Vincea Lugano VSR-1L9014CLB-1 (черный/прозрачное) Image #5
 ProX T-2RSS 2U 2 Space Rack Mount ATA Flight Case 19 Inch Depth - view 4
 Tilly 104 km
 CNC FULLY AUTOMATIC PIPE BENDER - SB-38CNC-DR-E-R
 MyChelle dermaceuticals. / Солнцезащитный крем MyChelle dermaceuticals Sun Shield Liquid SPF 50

INSTRUCTIONS FOR THE TASK: Each line from the one containing "Tilly 104 km" through the final line of the listing above should be returned exactly; return nothing else.

ANSWER SECTION:
 Tilly 104 km
 CNC FULLY AUTOMATIC PIPE BENDER - SB-38CNC-DR-E-R
 MyChelle dermaceuticals. / Солнцезащитный крем MyChelle dermaceuticals Sun Shield Liquid SPF 50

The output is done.